Adapun dalam bahasa Inggris, “hermeneutika” dapat dimaknai sebagai “to say”,
“to explain”, dan “to translate”. Selanjutnya, secara kronologis, definisi
modern “hermeneutika” dimulai dari 6 konteks (ruang lingkup), yakni
hermeneutika sebagai teori eksegesis Bibel, hermeneutika sebagai metodologi
filologi secara umum, hermeneutika sebagai ilmu pemahaman linguistik,
hermeneutika sebagai fondasi metodologis geisteswessenshaften,
hermeneutika sebagai fenomenologi eksistensi dan pemahaman eksistensial, dan
hermeneutika sebagai sistem interpretasi, baik recollektif maupun iconoclastic,
yang digunakan manusia untuk meraih makna di balik mitos dan simbol.
Hermeneutika mencakup bidang-bidang ilmu kemanusiaan. Pada mulanya,
hermeneutika dikenal dalam konteks teologi (keagamaan), filsafat dan sastra.
Dalam perkembangannya, hermeneutika digunakan dalam pada bidang keilmuan yang
memerlukan penafsiran teks-teks, khususnya bidang humaniora termasuk hukum.
Hermeneutika secara signifikan bermaksud untuk melampaui interpretasi tekstual
yakni memahami teks-teks sebagai teks yang berbicara yang dibuat oleh manusia,
bukan sebagai objek analisis semata. Hasil dari metode hermeneutika adalah tercapainya
pemahaman humanistik dan historis dari teks-teks yang mati tersebut.

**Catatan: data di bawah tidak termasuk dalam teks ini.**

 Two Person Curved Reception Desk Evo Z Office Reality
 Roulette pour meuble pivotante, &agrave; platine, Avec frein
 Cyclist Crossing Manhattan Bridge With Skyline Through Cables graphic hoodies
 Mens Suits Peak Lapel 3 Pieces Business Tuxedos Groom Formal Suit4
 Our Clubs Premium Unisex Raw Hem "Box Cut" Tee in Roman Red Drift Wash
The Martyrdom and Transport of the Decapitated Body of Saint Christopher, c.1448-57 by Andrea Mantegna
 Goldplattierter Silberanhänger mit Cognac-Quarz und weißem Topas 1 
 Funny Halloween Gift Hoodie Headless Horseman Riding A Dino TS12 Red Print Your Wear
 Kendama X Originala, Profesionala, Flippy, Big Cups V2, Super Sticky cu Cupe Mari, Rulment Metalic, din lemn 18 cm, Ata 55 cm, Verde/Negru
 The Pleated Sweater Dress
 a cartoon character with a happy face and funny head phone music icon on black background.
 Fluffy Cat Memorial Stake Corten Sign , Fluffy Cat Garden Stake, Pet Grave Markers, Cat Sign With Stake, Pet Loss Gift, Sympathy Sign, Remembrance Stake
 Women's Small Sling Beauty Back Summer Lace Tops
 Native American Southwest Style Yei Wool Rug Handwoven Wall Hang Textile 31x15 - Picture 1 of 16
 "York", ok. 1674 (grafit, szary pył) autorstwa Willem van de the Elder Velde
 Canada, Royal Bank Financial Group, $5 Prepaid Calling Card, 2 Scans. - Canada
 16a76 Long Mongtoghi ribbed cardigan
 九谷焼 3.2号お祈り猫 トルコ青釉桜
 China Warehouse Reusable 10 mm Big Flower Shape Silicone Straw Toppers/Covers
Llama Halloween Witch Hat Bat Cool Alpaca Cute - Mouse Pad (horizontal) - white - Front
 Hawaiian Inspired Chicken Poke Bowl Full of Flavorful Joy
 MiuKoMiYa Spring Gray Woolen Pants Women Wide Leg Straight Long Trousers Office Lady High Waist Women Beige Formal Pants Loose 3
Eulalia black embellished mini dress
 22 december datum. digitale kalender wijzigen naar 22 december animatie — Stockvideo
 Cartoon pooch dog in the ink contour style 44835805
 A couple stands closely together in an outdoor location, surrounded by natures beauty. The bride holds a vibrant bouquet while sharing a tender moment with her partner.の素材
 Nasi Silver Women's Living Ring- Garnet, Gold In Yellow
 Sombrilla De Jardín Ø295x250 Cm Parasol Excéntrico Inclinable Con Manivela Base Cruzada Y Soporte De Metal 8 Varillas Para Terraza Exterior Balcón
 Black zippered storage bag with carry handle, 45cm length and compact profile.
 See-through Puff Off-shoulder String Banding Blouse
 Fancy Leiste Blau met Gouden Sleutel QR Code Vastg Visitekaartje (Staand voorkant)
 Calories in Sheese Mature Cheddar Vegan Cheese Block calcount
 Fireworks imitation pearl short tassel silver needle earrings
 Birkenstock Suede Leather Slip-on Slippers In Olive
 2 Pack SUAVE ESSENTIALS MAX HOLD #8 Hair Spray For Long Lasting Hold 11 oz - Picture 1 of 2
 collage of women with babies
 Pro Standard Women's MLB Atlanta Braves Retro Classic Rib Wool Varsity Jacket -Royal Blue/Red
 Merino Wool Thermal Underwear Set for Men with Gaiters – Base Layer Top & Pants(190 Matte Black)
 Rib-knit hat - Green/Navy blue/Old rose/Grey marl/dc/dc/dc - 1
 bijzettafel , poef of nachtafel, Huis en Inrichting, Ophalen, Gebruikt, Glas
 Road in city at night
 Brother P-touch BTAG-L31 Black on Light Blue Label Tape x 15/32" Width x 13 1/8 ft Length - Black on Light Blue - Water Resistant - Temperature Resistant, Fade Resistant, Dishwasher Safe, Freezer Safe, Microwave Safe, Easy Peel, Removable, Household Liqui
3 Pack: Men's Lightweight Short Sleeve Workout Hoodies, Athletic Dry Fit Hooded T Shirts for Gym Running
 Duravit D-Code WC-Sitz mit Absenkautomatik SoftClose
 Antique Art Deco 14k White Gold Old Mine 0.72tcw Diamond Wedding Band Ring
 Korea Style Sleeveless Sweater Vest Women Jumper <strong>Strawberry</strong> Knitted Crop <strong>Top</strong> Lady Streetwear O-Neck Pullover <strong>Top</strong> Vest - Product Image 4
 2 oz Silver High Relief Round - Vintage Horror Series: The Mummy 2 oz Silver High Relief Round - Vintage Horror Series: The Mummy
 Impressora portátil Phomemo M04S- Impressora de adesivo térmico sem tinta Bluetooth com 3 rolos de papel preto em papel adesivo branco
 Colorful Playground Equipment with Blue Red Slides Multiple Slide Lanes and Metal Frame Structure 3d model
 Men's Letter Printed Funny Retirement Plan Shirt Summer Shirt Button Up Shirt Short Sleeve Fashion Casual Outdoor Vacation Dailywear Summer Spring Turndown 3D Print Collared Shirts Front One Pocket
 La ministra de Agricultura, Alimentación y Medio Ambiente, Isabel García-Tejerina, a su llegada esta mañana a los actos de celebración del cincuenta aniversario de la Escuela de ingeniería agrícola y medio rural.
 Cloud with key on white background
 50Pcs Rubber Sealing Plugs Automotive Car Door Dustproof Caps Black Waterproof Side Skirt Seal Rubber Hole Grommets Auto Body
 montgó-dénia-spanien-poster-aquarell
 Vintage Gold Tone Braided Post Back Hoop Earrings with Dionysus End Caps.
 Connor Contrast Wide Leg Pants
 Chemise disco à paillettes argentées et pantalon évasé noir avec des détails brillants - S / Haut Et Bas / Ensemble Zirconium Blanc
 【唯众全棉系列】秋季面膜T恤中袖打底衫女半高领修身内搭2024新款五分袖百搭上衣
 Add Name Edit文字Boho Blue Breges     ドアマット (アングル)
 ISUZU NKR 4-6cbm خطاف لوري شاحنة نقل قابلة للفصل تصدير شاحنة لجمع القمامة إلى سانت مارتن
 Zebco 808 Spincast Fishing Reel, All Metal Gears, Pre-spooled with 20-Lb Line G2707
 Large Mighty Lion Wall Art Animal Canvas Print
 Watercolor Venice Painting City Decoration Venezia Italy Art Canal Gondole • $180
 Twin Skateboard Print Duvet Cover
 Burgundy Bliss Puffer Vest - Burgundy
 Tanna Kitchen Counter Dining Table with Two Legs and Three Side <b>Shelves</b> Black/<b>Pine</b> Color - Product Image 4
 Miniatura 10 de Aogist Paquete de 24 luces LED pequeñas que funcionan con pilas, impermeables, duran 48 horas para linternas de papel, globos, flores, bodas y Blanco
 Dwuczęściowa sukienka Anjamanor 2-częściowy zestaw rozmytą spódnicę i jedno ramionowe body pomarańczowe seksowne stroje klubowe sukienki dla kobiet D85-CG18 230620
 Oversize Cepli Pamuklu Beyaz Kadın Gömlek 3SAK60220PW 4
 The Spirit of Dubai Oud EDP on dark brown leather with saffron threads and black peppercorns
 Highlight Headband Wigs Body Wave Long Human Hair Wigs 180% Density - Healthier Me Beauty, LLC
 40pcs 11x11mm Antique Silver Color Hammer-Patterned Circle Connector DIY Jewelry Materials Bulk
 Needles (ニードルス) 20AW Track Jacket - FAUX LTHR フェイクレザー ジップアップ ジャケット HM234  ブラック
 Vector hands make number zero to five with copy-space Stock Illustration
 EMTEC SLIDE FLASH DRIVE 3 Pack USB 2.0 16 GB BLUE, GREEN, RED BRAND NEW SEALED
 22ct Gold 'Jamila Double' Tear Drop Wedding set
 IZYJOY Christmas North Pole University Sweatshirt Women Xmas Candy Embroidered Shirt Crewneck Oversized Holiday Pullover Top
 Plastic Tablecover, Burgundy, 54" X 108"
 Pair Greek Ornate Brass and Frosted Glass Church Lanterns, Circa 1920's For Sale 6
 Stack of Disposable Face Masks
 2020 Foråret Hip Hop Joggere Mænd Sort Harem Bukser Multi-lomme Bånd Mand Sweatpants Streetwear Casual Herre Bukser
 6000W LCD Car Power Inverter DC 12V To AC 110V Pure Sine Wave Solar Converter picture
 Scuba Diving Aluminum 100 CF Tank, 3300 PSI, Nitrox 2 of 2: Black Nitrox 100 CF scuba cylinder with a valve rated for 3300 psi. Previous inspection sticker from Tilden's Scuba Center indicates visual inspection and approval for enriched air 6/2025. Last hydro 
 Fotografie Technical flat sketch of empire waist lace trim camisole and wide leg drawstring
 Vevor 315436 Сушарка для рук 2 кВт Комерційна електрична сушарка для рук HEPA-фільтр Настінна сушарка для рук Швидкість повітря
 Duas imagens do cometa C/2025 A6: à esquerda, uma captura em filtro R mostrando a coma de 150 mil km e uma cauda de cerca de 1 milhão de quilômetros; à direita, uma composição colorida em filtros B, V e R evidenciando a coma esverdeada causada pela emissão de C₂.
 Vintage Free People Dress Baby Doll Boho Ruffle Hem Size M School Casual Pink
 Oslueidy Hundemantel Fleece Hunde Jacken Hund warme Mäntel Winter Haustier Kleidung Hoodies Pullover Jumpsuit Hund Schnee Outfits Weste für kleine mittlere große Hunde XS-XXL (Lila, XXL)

Pada Bagian II dijelaskan mengenai Tempat
Teoritikus Utama. Dalam hal ini diketahui bahwa ada dua posisi utama aliran
hermeneutika kontemporer saat ini yakni Emilio Betti dan Hans-George Gadamer:
a.
Heideggerian
dan Hermeneutik Baru (fenomenologis) Heidegger, Gadamer, Rudolf Bultmann,
Gerhard Ebeling dan Ernst Fuchs, berpendapat bahwa hermeneutika merupakan
eksplorasi filosofis dari karakter dan kondisi yang dibutuhkan bagi semua pemahaman.
Pemahaman adalah tindakan historis dan selalu terkait dengan masa sekarang.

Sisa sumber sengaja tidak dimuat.